President Obama’s plan to cut the deficit doesn’t exactly spare Medicare, Medicaid, and other federal health programs. But he also doesn’t propose the sweeping sorts of changes envisioned by House Republicans earlier this year.
The proposal to reduce the deficit by an additional $3 trillion over the next decade includes spending reductions of some $320 billion in Medicare, and $73 in Medicaid and other health programs, the vast majority of it from health care providers, not beneficiaries.
The biggest cuts would come in what Medicare pays for prescription drugs in the future.
But the president made clear that he doesn’t intend to make any health cuts unless the Republicans relent on their pledge against new revenues.
“I will veto any bill that changes benefits for those who rely on Medicare but does not raise serious revenues by asking the wealthiest Americans or biggest corporations to pay their fair share,” he said in remarks in the White House Rose Garden. “We are not going to have a one-sided deal that hurts the folks who are most vulnerable.”
Still, the proposal does backtrack, at least somewhat, on vows by Democrats from earlier this year not to touch Medicare beneficiaries.
Under the heading “Create Incentives for Use of High-Value Services,” the proposal includes several highly controversial plans that would increase out-of-pocket beneficiary costs, although none for current Medicare enrollees.
For the first time, for example, there would be a copayment for the use of home health services not preceded by a hospital or other inpatient stay. There would also be a new premium surcharge on Medicare beneficiaries who purchase private supplemental insurance (known as Medigap coverage) that provides so-called first dollar coverage.
Some economist say such policies encourage the overuse of services, since beneficiaries face no out-of-pocket costs once their premiums are paid. Such plans have been popular, though, because many seniors, living on fixed incomes, like the security of knowing exactly how much they will spend each year on healthcare.
That’s not sitting well with groups like the AARP. “We urge the Administration and Congress to reject any health care proposals that would cut seniors benefits, raise out of pocket costs, and threaten long-term care services for millions of older Americans and persons with disabilities,” said Nancy LeaMond, the group’s Executive Vice President, in a statement.
On the other hand, other portions of the plan are sure to go over less than well with the GOP. That includes another push to shorten the extended market exclusivity granted to the original developers of biotech drugs in the Affordable Care Act. It also might cover an originally bipartisan proposal the President offered back in February, to move up the date states could start experimenting on their own with alternate ways to expand health insurance to their residents, from 2017 to 2014.
Since then, however, the only state that appears ready to take the federal government up on that offer is Vermont, which in May enacted a proposal to launch a program that’s intended to lead towards a fully-government run system.
Republicans, however, rather than criticizing the specifics of the proposal (many of which they have embraced in the past) instead pointed out that the plan failed to include ways to pay for the fix to the system Medicare uses to pay doctors, the $300 billion-plus that will be needed to avert a 29 percent cut to physicians who treat Medicare beneficiaries starting next Jan. 1.
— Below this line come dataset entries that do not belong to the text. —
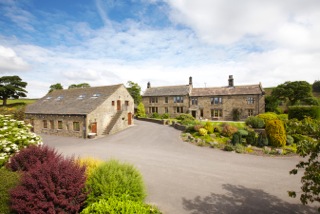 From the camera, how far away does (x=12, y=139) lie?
10312 mm

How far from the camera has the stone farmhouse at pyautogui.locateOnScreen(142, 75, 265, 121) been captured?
3981cm

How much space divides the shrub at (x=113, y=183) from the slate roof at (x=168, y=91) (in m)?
38.8

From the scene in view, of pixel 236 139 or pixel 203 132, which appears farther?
pixel 203 132

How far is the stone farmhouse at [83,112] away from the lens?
26188 millimetres

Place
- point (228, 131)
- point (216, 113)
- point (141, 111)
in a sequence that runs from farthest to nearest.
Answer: point (141, 111) < point (216, 113) < point (228, 131)

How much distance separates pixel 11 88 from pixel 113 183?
6352 cm

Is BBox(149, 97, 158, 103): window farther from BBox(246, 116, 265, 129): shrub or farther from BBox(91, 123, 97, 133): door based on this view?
BBox(246, 116, 265, 129): shrub

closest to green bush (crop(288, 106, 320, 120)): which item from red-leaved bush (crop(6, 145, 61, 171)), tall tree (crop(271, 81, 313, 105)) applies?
tall tree (crop(271, 81, 313, 105))

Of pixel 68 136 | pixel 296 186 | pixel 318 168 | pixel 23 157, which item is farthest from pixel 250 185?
pixel 68 136

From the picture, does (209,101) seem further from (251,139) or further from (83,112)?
(83,112)

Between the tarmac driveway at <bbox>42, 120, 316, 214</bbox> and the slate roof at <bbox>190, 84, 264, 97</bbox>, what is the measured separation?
1050 inches

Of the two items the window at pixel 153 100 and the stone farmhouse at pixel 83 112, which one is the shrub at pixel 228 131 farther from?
the window at pixel 153 100

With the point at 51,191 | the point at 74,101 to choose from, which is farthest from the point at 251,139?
the point at 74,101

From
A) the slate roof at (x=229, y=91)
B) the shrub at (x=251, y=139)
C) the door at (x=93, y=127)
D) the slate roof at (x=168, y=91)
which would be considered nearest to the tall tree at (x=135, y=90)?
the slate roof at (x=168, y=91) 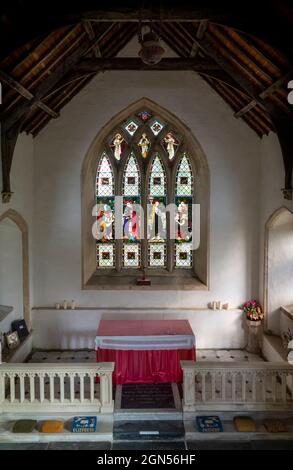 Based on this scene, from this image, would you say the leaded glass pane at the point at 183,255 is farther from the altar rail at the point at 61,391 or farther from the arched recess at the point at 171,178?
the altar rail at the point at 61,391

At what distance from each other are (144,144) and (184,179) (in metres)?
1.25

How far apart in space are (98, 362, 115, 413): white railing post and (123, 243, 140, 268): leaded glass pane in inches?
166

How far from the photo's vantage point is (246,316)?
1030cm

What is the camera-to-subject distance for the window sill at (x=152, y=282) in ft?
34.6

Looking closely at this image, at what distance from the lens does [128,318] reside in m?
10.5

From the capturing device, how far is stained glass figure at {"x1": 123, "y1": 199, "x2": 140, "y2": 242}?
11.2 m

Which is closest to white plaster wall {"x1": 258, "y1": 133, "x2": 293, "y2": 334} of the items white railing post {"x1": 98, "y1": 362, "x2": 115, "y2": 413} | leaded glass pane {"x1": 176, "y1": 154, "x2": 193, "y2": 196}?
leaded glass pane {"x1": 176, "y1": 154, "x2": 193, "y2": 196}

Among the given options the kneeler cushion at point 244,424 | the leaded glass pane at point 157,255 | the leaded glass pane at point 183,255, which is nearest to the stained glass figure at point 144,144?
the leaded glass pane at point 157,255

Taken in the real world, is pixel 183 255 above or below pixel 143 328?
above

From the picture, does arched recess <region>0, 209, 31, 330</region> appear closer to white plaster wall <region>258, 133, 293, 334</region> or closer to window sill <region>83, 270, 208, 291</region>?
window sill <region>83, 270, 208, 291</region>

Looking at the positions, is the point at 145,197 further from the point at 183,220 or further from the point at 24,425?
the point at 24,425

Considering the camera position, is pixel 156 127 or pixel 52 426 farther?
pixel 156 127

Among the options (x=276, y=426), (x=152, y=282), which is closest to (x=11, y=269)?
(x=152, y=282)

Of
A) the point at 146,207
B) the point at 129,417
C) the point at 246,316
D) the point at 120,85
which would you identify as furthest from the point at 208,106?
the point at 129,417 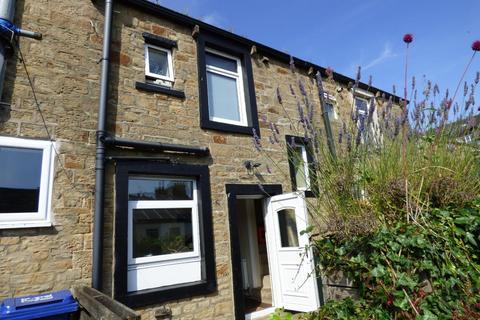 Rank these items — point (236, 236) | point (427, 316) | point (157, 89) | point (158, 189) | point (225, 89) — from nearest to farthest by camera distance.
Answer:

“Virtually all of the president’s health care deficit reduction will be wiped out – unless Congress allows Medicare physician payment rates to be cut by 30 percent this January,” said the talking points distributed by the Senate Republican Policy Committee.
On a conference call with reporters, senior White House health officials said their baseline assumes that the Medicare physician cuts will not take effect and they plan “to work with Congress” to find a way to make up the lost revenue to the program.